4 Financial Obstacles for Business Success

If you’re just starting out you’re probably excited and looking forward to achieving success. It can be easy to get caught up in the potential of new opportunities however, as with any new venture, cautious optimism is important. After all, there are a number of roadblocks that could easily arise, putting a stop to plans.

This is why one of the important traits of an entrepreneur is flexibility, in all aspects of their business. You must be willing to tweak your plans, goals, finances and other aspects without sacrificing quality and effort. 

Although there are plenty of factors that you can’t plan for, there are some common obstacles that if prepared, you can easily overcome. Here are four of those common obstacles:

1. Denied a Loan

This is a very challenging obstacle that could present itself very early on when starting your business. After a number of turbulent years, financial institutions are still generally wary of taking risks. If you can’t show an iron clad and probable business plan or if you simply don’t have a lot of experience in the field, there’s a chance you will be denied a loan from a bank. 

There are a number of strategies that you can use to avoid this. For instance, banks aren’t the only source of loans. There are industry associations, angel investors and many others who can help provide the fiscal boost you need. However, if a bank does present the best opportunity for your business, the you need to make sure you have all your ducks in a row before approaching a loan officer. By attending these meetings armed with an automated accounting system, you can show an accurate, real-time picture of the business across the board to quell any fears.

2. Tax Penalties

It is essential when starting out that you are aware of all the relevant tax rules for your business, locally, provincially and federally. There is so much to do when you open your business that it can be easy taxes to go unpaid by accident. 

The best way to avoid this issue is to stay on the offensive – always be as educated as possible about the applicable tax laws. This could require anything from hiring an in-house accounting professional to leveraging a bookkeeping software. Many of these programs will allow you to set up reminders and attach reports on a centralized platform, so you’ll always have the necessary information at your fingertips.

3. Refused Credit

Many people have been refused credit by card providers at one time or another, however, and this can be devastating it relates to your new small business. In the early days  vendors and suppliers might not be quick to give credit terms on good faith. This is more than an inconvenience; such a scenario can have poor effects on cash flow.

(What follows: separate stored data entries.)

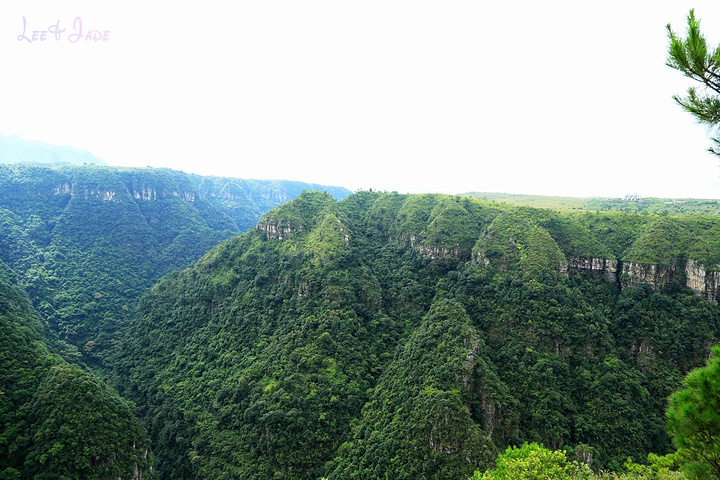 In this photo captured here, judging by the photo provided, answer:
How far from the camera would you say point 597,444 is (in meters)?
46.5

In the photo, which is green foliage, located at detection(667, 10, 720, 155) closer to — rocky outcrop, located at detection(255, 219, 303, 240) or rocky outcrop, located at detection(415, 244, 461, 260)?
rocky outcrop, located at detection(415, 244, 461, 260)

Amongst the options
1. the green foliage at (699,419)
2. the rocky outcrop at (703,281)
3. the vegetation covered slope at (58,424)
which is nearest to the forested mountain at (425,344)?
the rocky outcrop at (703,281)

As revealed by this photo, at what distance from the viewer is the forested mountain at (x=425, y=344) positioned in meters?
46.3

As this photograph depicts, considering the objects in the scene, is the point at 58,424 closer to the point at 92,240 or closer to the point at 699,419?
the point at 699,419

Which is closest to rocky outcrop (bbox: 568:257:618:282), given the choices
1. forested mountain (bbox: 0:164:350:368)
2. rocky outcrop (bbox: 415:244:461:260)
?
rocky outcrop (bbox: 415:244:461:260)

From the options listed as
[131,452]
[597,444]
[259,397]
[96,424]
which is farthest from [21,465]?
[597,444]

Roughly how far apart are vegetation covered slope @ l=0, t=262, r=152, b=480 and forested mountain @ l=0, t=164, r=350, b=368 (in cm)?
3033

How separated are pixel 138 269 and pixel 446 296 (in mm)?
105755

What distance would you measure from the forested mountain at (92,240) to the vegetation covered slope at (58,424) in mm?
30329

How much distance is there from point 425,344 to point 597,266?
43289 mm

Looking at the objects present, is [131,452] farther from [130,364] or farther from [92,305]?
[92,305]

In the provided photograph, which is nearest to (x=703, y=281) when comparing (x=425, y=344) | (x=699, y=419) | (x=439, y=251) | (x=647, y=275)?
(x=647, y=275)

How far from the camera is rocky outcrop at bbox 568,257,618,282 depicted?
222ft

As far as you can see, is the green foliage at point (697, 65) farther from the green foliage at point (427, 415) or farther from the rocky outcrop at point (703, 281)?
the rocky outcrop at point (703, 281) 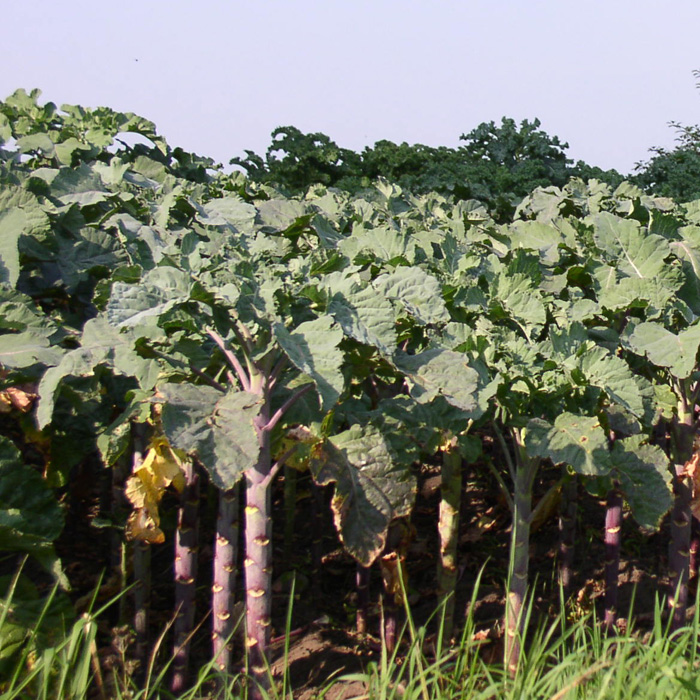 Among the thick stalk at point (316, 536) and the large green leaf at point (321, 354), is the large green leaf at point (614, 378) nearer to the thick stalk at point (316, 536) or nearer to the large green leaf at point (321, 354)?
the large green leaf at point (321, 354)

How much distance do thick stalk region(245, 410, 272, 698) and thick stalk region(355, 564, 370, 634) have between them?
38.2 inches

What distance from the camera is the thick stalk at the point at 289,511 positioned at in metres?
3.89

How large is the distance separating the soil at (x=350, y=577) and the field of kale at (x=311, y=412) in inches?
0.6

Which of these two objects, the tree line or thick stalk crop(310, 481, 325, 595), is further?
the tree line

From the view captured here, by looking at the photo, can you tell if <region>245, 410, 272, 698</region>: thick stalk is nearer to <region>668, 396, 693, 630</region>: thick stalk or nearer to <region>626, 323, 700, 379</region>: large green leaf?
<region>626, 323, 700, 379</region>: large green leaf

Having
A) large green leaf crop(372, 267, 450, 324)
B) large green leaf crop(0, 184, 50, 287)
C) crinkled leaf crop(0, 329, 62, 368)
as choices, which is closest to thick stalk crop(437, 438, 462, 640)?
large green leaf crop(372, 267, 450, 324)

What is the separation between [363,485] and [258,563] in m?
0.39

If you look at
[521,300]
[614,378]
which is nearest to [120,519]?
[521,300]

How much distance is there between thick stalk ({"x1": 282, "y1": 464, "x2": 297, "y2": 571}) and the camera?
3895 millimetres

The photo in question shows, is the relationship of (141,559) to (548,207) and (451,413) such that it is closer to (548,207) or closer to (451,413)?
(451,413)

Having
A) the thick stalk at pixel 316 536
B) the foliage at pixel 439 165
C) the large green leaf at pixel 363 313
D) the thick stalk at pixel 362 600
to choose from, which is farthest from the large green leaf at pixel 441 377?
the foliage at pixel 439 165

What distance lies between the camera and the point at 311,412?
2.55 meters

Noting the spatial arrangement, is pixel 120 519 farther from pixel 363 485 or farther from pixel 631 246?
pixel 631 246

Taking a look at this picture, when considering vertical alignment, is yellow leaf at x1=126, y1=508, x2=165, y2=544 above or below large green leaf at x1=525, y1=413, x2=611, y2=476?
below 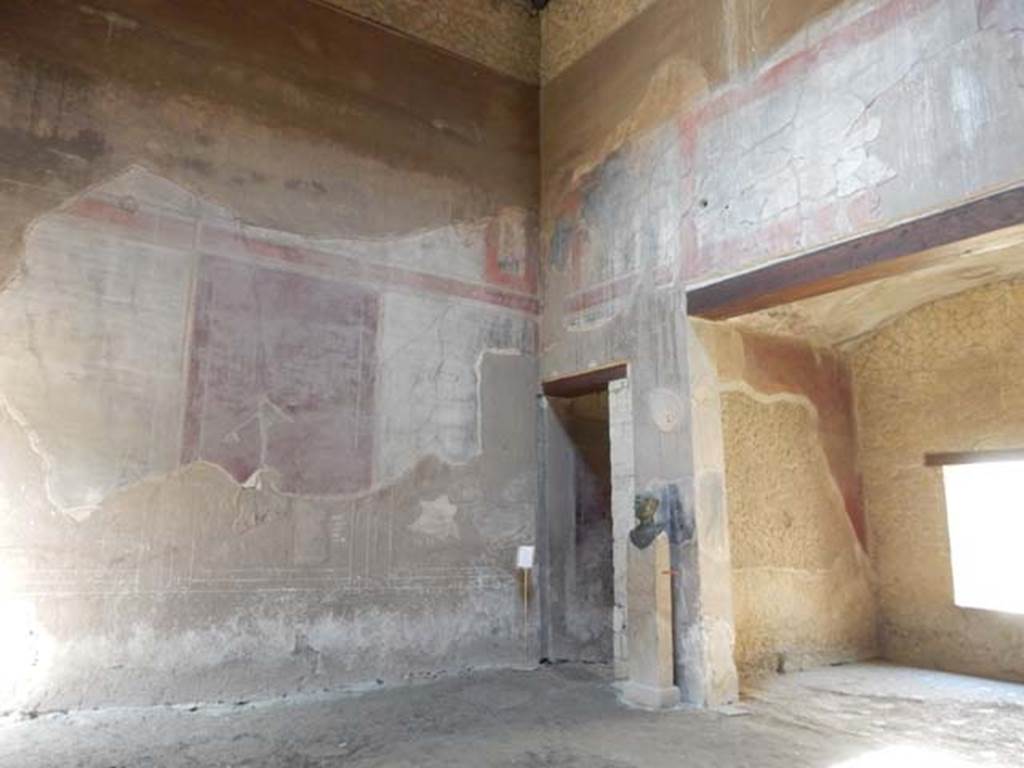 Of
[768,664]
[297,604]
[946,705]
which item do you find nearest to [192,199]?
[297,604]

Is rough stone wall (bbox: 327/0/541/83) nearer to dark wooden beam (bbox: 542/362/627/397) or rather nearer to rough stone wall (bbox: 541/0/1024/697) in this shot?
rough stone wall (bbox: 541/0/1024/697)

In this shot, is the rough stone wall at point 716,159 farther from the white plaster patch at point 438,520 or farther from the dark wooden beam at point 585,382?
the white plaster patch at point 438,520

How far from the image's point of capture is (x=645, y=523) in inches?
175

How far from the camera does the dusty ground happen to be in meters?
3.20

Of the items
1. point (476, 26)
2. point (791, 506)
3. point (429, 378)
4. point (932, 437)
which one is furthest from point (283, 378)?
point (932, 437)

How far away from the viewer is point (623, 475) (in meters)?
5.11

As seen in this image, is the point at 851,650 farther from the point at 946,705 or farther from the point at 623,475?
the point at 623,475

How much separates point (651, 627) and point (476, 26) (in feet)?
15.4

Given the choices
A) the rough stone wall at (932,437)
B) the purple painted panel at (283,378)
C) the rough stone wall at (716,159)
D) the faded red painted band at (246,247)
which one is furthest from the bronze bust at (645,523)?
the rough stone wall at (932,437)

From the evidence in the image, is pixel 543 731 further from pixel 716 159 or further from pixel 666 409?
pixel 716 159

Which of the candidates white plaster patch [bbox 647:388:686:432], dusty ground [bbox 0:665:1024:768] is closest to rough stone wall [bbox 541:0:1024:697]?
white plaster patch [bbox 647:388:686:432]

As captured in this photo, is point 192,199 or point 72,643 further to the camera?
point 192,199

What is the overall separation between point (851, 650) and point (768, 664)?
86cm

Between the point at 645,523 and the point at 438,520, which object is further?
the point at 438,520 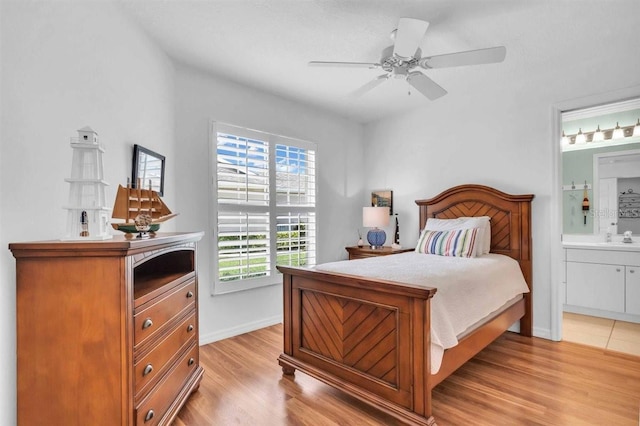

When vendors and suppliers won’t play ball, don’t be afraid to shop around. The best choice might not be the financial institution which offers the lowest prices. 

But remember there is no harm in asking if the original partner is willing to negotiate, as opposed to severing ties. Making a move requires reports and hard financial data.

4. Money Mismanagement

You probably have more expenses for your business than you dared imagine. They likely have different due dates, different payment methods and each fluctuate in the monetary amount from month to month. This can make it hard to guarantee you have the cash reserves to call on when needed. And when in the infancy of relationships with suppliers, non-payment of bills will not be received favorably. 

The complexity of your bookkeeping will go up with each new client and employee, so asking for help early on can prevent many headaches. By using a bookkeeping tool, you can keep track of what has historically been paid, when and to whom, and use this to better forecast the finances you will need for the future.